SOURCE MATERIAL:
▶
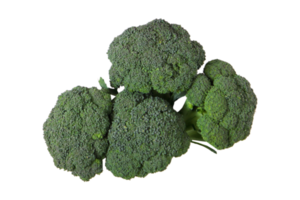 Vegetables broccoli isolated on a transparent background png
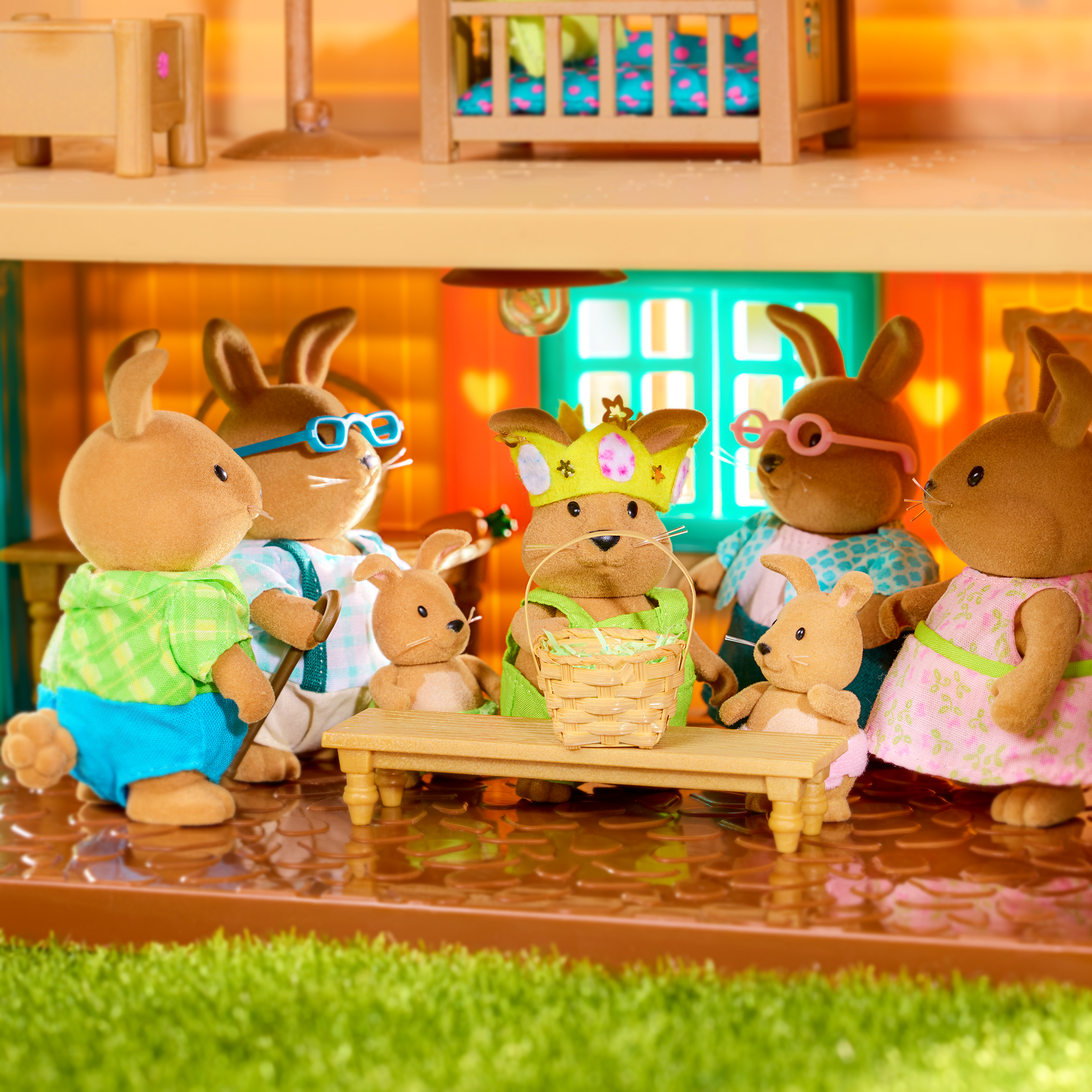 Lil Woodzeez Cottonball Rabbit Family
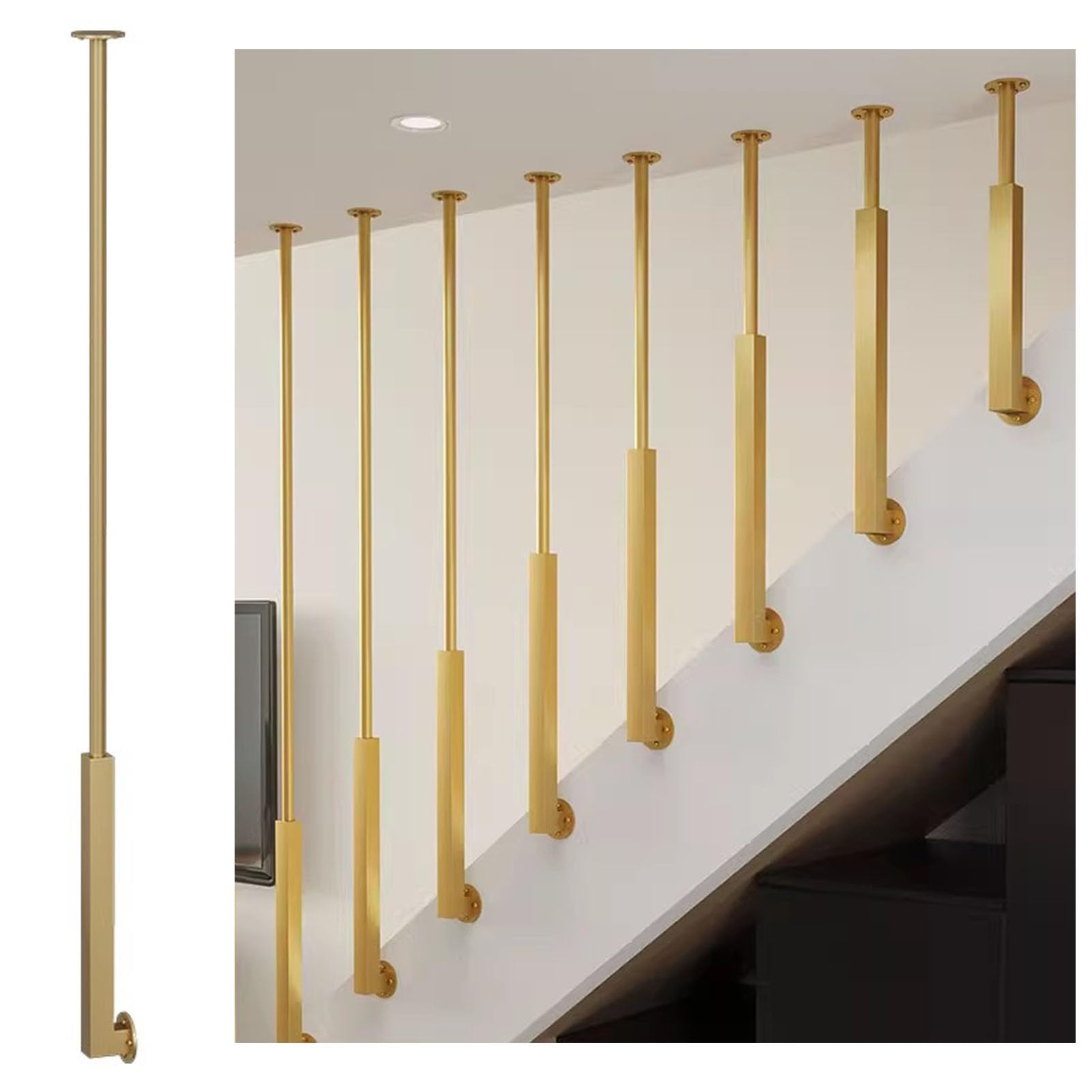 Rampe d'escalier Oracra réglable en hauteur montage latéral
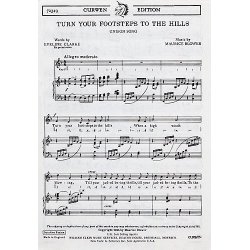 Maurice Blower: Turn Your Footsteps To The Hills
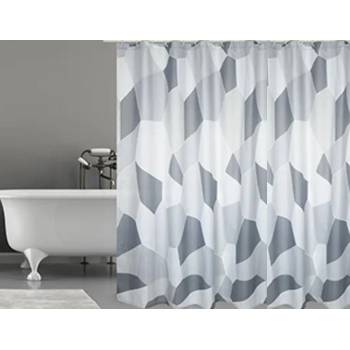 MSV ЗАВЕСА ЗА БАНЯ polyester origami 180х200 СИВ (149239)
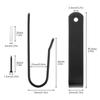 4 Ski-Snowboard-Wandhängeclips, Metall-Snowboard-Wandhängegestell mit Schrauben zur Präsentation, geeignet für Schlafzimmer, Garage, Innenlagerung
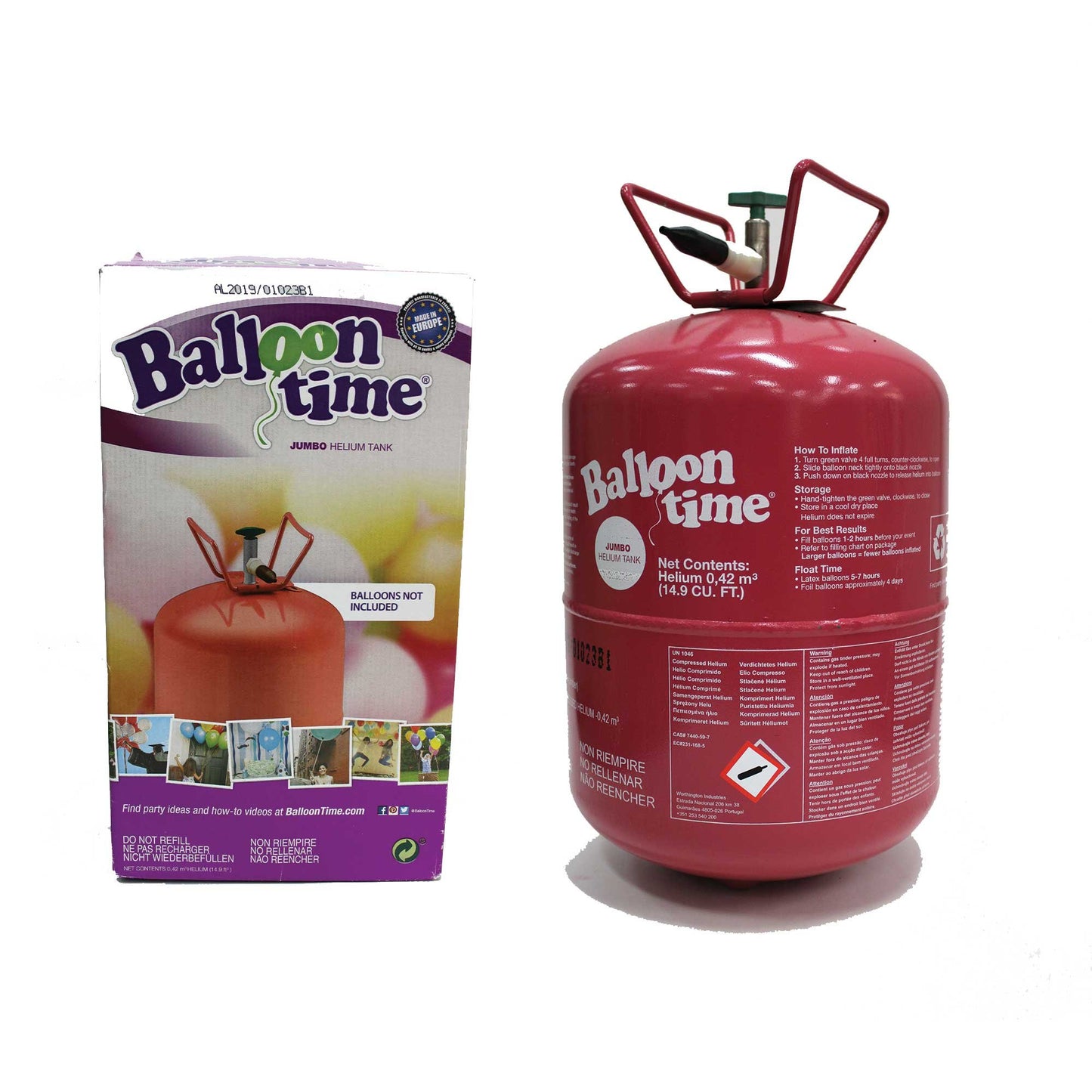 Balloon Time Jumbo Helium Tank 50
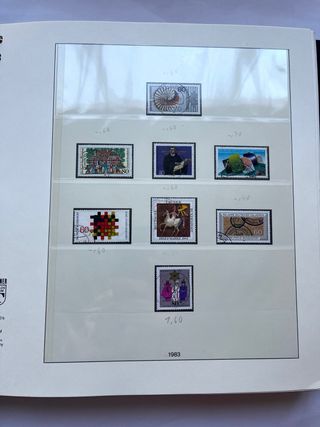 Álbum Sellos Alemania BRD 1983/1993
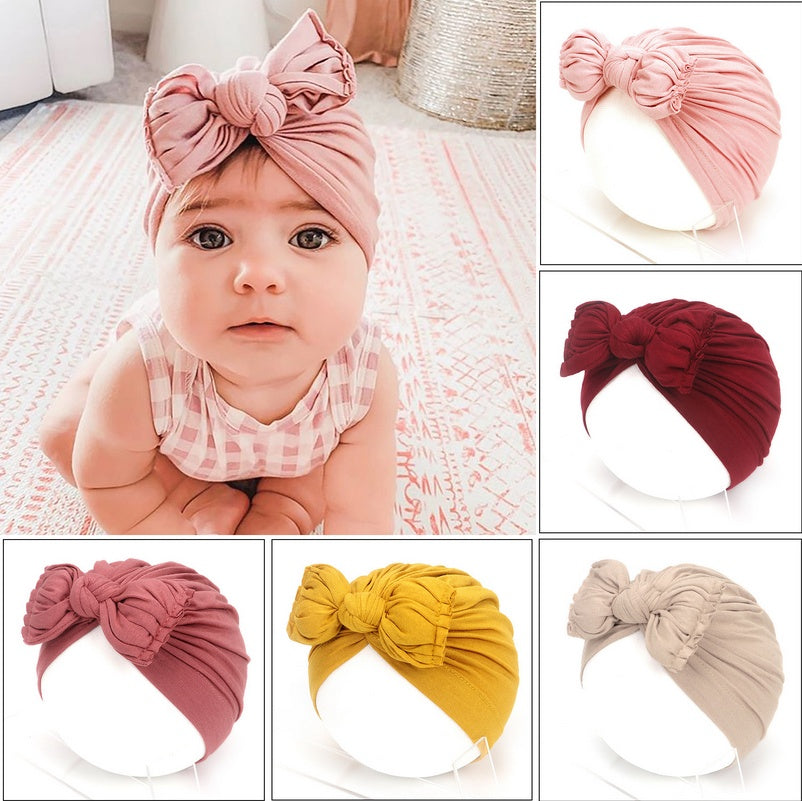 Cute and Soft Turban Headwrap For Little Girls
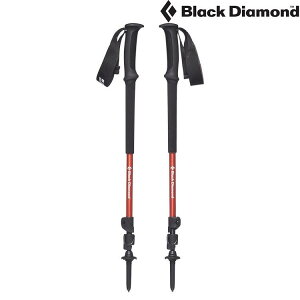 Black Diamond 快扣式鋁合金登山杖 Trail BACK 105-140cm 112227 橘紅/成對販售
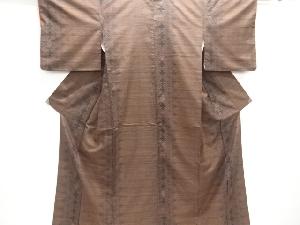 アンティーク　花更紗模様本場大島紬着物(染)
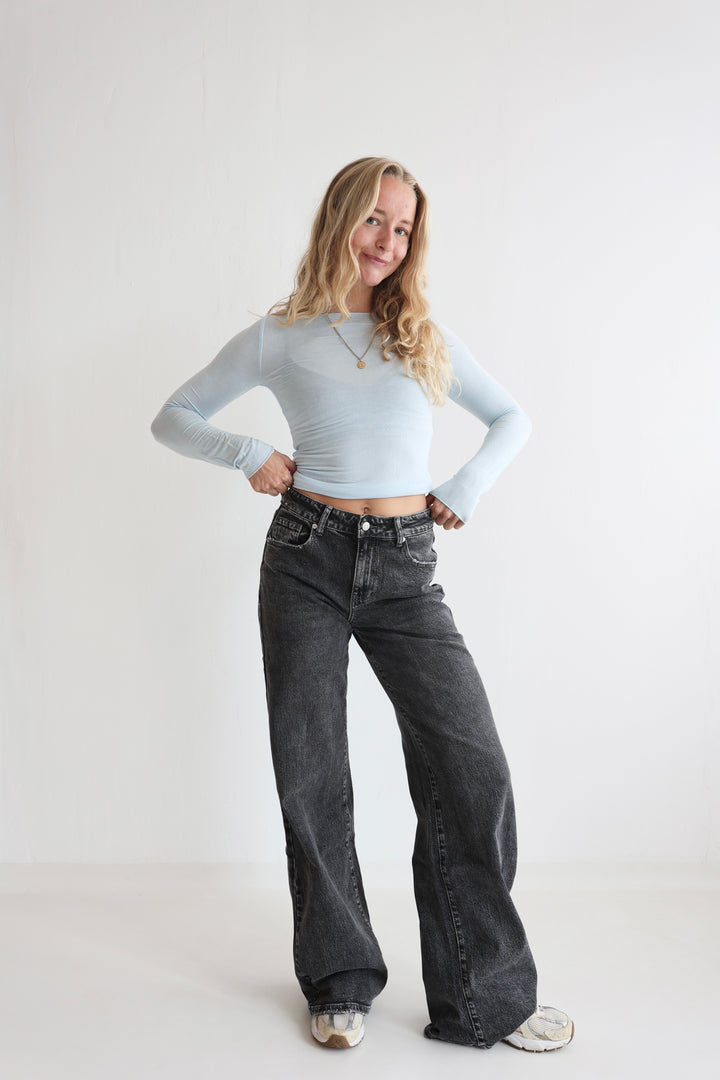Romy Extra Long Wide Leg Jeans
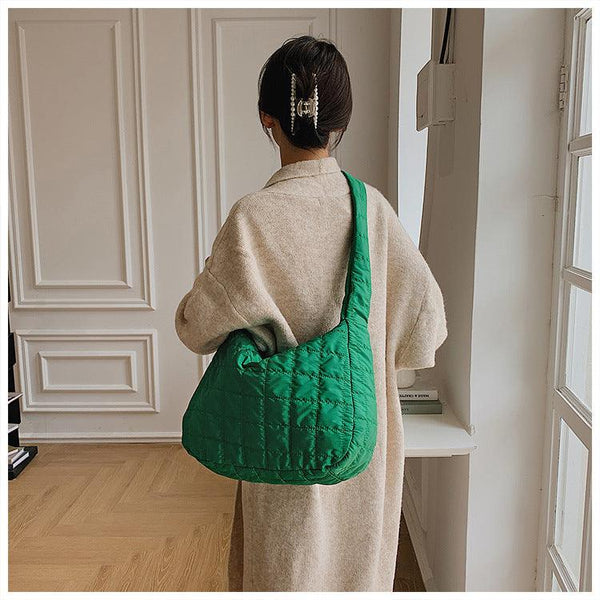 Space Cotton Women's Rhombus Tote Bag - Amazitshop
◀
WHAT IS EXPECTED:
Every line of the material above should be repeated exactly, except for the pictures.

EXPECTED ANSWER:
 Vegetables broccoli isolated on a transparent background png
 Lil Woodzeez Cottonball Rabbit Family
 Rampe d'escalier Oracra réglable en hauteur montage latéral
 Maurice Blower: Turn Your Footsteps To The Hills
 MSV ЗАВЕСА ЗА БАНЯ polyester origami 180х200 СИВ (149239)
 4 Ski-Snowboard-Wandhängeclips, Metall-Snowboard-Wandhängegestell mit Schrauben zur Präsentation, geeignet für Schlafzimmer, Garage, Innenlagerung
 Balloon Time Jumbo Helium Tank 50
 Álbum Sellos Alemania BRD 1983/1993
 Cute and Soft Turban Headwrap For Little Girls
 Black Diamond 快扣式鋁合金登山杖 Trail BACK 105-140cm 112227 橘紅/成對販售
 アンティーク　花更紗模様本場大島紬着物(染)
Romy Extra Long Wide Leg Jeans
 Space Cotton Women's Rhombus Tote Bag - Amazitshop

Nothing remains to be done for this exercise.